If you need to manage accesses with finer granularity, create a dedicated registration for each Akamas installation.
To create a new registration, navigate to "App registrations" in your Azure portal and select "New registration" and specify the following:
a name for the application
the account type that best suits your use case
Complete the creation by clicking on "Register".
On the "Overview" page of the application, note the following values:
Application (client) ID
OpenID Connect metadata document (found in the "Endpoints" side panel)
Furthermore, in the "Certificates & secrets" section, create a new Client secret and note its value.
With these values, we can now complete the provider configuration in the Keycloak console.
Access the Identity providers section for the "akamas" realm in the Keycloak administration console, as described on the page Configure an external identity provider, and select "OpenID Connect v1.0" to start creating the new provider.
Here, specify an alias for the client ("microsoft" in our case) and optionally the display name used in the login page ("Microsoft").
In the "OpenID Connect settings" section, configure the following fields using the values from the app registration in the Azure portal:
"Discovery endpoint": populate with the URL of the "OpenID Connect metadata document". This box should become green upon successful validation.
"Client ID": populate with the "Application (client) ID" from the app's overview page
"Client Secret": populate with the value of the generated secret
Complete the configuration by clicking "Add". You will land on the detail page of the new provider: here, copy the value of the redirect URI.
Back to the app registration in the Azure portal, navigate to the "Authentication" section.
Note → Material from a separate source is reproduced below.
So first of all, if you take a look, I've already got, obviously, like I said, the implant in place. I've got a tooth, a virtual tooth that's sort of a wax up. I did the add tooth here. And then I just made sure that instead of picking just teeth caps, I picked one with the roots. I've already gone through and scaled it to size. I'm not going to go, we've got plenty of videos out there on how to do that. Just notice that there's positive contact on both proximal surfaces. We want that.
Add the "Web" platform (if not already present).
Finally, add to the list of redirect URIs the one from the previous step.
You have now configured Akamas to delegate to Azure your users' login.
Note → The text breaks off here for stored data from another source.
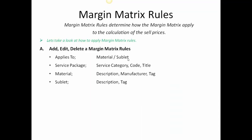Do a little review. Add, edit, delete matrix rules. Applies to materials or sublet, and it can be affected by or you can control that by a service package identifying a specific category, a specific service package code, or a specific service package title. It applies to materials using a material description, a material manufacturer, or a material tag.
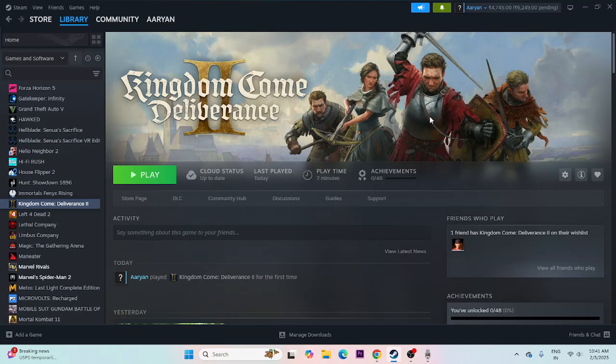Hey everyone, welcome back to another video. In this video I'm going to talk about how to fix Kingdom Come Deliverance 2 crashing issues — it is not launching, warm launch freezing, sputtering, lagging, low FPS drops, stuck on load screen, and even many more issues which are happening and how we can fix them.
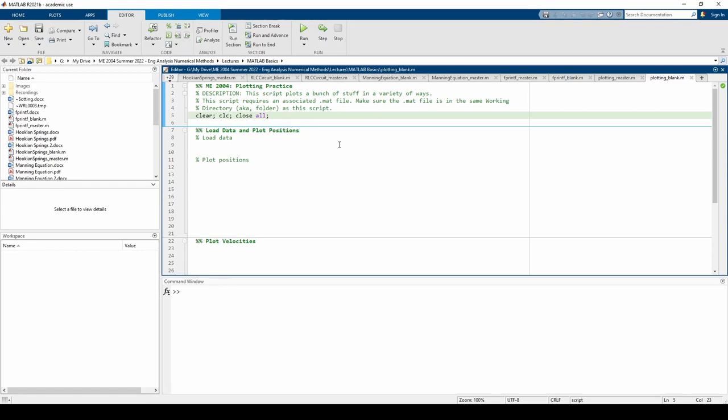In this video, we're going to practice plotting in MATLAB. Before we start, be sure to download the to_car_data.mat file linked in the video description. Make sure to put it in your working directory, the same folder as where you put the script file.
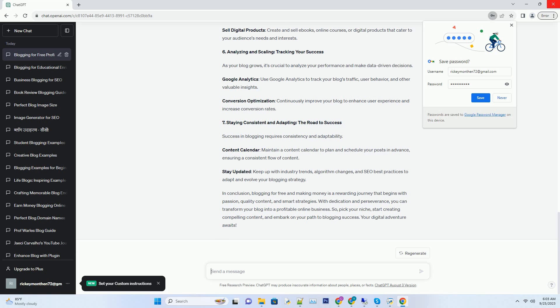Number six: Analyzing and scaling, tracking your success. As your blog grows, it's crucial to analyze your performance and make data-driven decisions. Google Analytics: Use Google Analytics to track your blog's traffic, user behavior, and other valuable insights. Conversion optimization: Continuously improve your blog to enhance user experience and increase conversion rates.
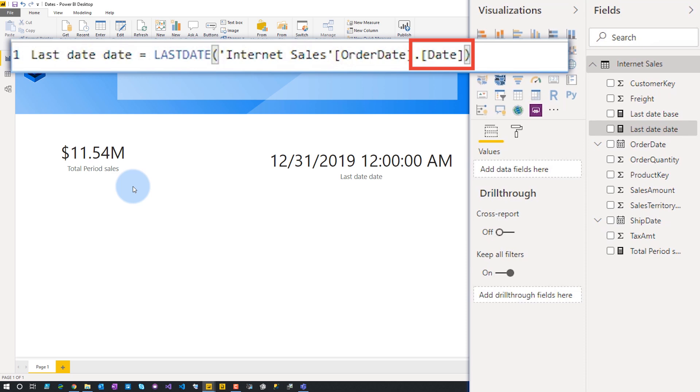That dot date is a tell. The minute I saw that, I knew what was going on. What's happening here is we're referencing a date column from the underpinning table that is a hidden table as a result of the auto date/time functionality inside of Power BI itself.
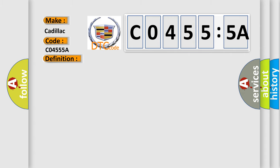And now this is a short description of this DTC code. Ignition on, ignition voltage is greater than 10 volts.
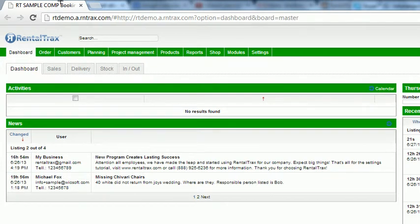Hello everybody and welcome to another RentalTracks how-to video. This time we are focusing on teaching you about your dashboard and what the dashboard looks like so that you can understand what you're looking at. It's a snapshot of your business when you first log into your system.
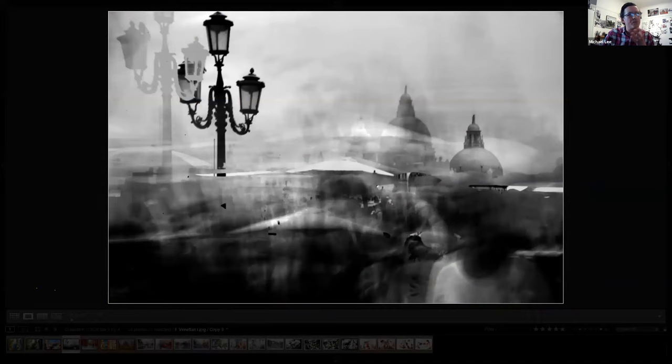But I did develop the project for quite a number of years and got a number of different results out of it. This is also in Venice in the early days.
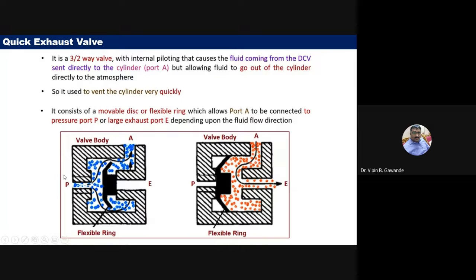In initial conditions, pressurized air flows from the pressure port P to port A connected to the cylinder, and the exhaust port E is closed. When we no longer need to supply air from the pressure port, air returning from the actuator is exhausted directly through port E to the environment.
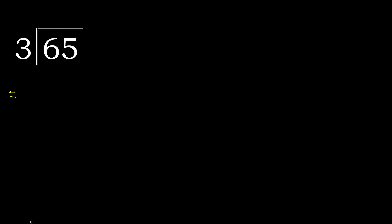65 divided by 3. 6 is not less, therefore 3 multiplied by which number is nearest to 6 but not greater? 3 multiplied by 3 is 9, 9 is greater. 3 multiplied by 2 is 6, is not greater. 6 minus 6 is 0.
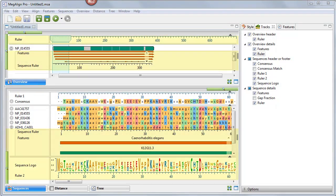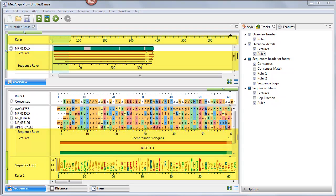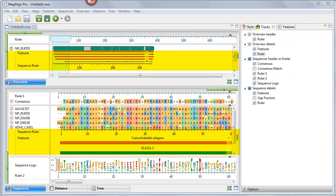Detailed tracks are rows of information that can be displayed or hidden as desired in the Overview and Sequences view. The header, footer, and individual sequence rows can each display certain types of tracks.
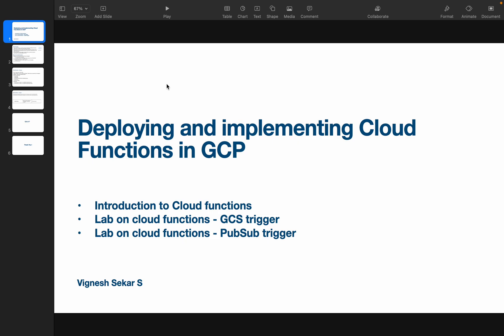I am Viknesh and welcome back to my YouTube channel Cloud and AI Analytics. In today's video we are going to see what is Cloud Functions, when to use Cloud Functions, and followed by a demo on Cloud Functions using a Google Cloud Storage trigger.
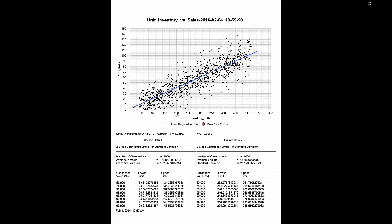At the top we have our title which is also the file name unit inventory versus sales. On the X axis we have inventory units. On the Y axis is the sold units. So on our graph itself we have our data points. A thousand data points.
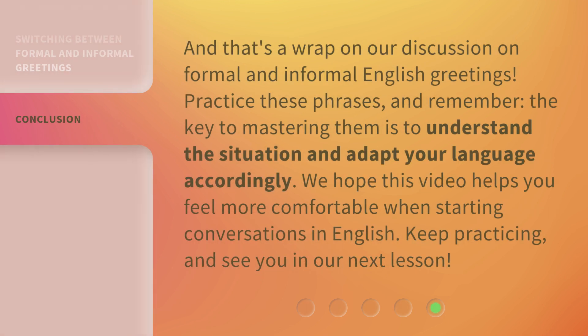And that's a wrap on our discussion on formal and informal English greetings. Practice these phrases, and remember, the key to mastering them is to understand the situation and adapt your language accordingly. We hope this video helps you feel more comfortable when starting conversations in English. Keep practicing, and see you in our next lesson.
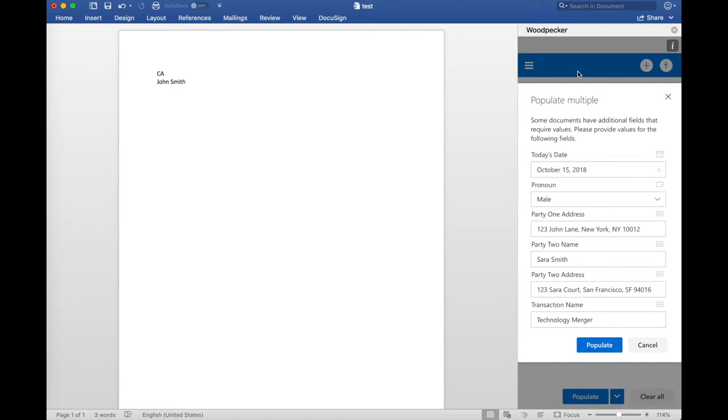So basically the overlapping fields are the state and the Party1Name, which I've specified here. And so Woodpecker is going to take the values for both of those and apply them to both documents.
When changing the hostname of the Akamas installation, you need to update the redirect URI configured in the app registration. Skipping this step will block any login attempt with the following error:
The redirect URI 'https://...' specified in the request does not match the redirect URIS configured for the application '...'.
The final setup step is to instruct Akamas to associate the default roles with the users automatically. This way, users will be added to the default workspace with read and write permissions the first time they log in.
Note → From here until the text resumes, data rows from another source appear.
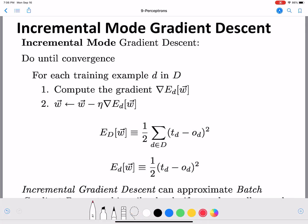Now we will look at a variation: incremental mode gradient descent, which makes an update after looking at each training example. This is beneficial when you want the algorithm to explore the weight space more. Instead of looking at all examples to make one update, for each example you make an update, so the algorithm explores the space more than the batch version. Many more updates will be made in incremental mode than in the batch version.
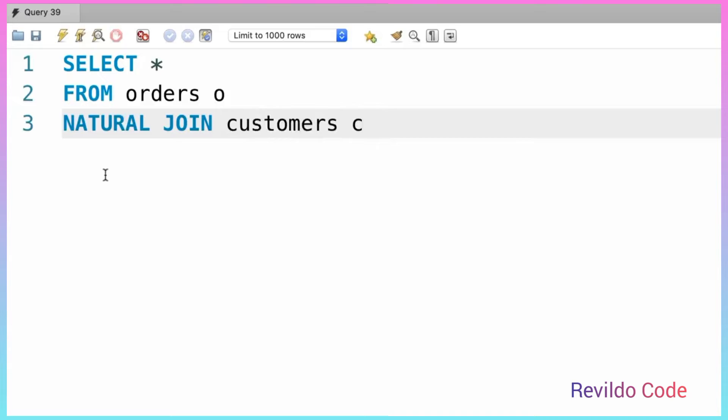Now with this natural join, we don't explicitly specify the column names. So the database engine will look at these two tables and it will join them based on the common columns - the columns that have the same name.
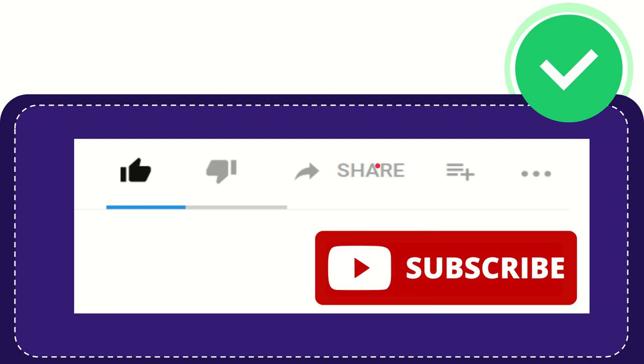I think that's all of it. Thank you so much for watching this video, and see you again in another video. Bye bye, see you again.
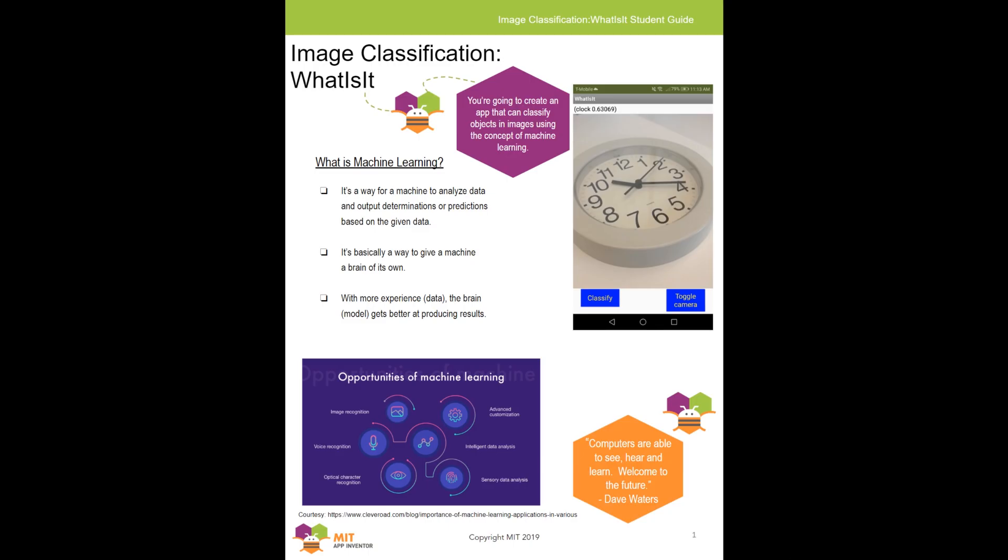App Inventor already has an extension set in place that uses machine learning in this way. It's called the Look Extension. We have available on the website a set of tutorials that goes through it, which we'll link in the description down below. Effectively, it is trained on a neural network called MobileNet, which is trained to recognize 999 different classes of objects. Let's watch a demo of the Look Extension in action.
On the Keycloak console, on the provider's details page, navigate to "Mappers":
Now, add the following configurations.
User role
Name: User role
Mapper type: Hardcoded role
Role: USER
Default Workspace Read
Name: Default Workspace Read
Mapper type: Hardcoded role
Role: WS_ac8481d3-d031-4b6a-8ae9-c7b366f027e8_R
Default Workspace Write
Name: Default Workspace Write
Mapper type: Hardcoded role
Role: WS_ac8481d3-d031-4b6a-8ae9-c7b366f027e8_W
Visit the installation's login page to check that the new authentication method is displayed and works correctly.
First, access the Keycloak admin console with the instructions provided on the page Accessing Keycloak admin console.
On the Authentication page, select the "direct grant flow" and scroll the "User session count limiter" entry.
On the row "User session count limiter", click on the cog icon. From here you can choose the maximum concurrent sessions for each user, and the behavior when the maximum number is reached. Select "Deny new session" to deny new accesses. if previous sessions are not properly terminated, you may need to delete them from the Keycloak console under the Users section.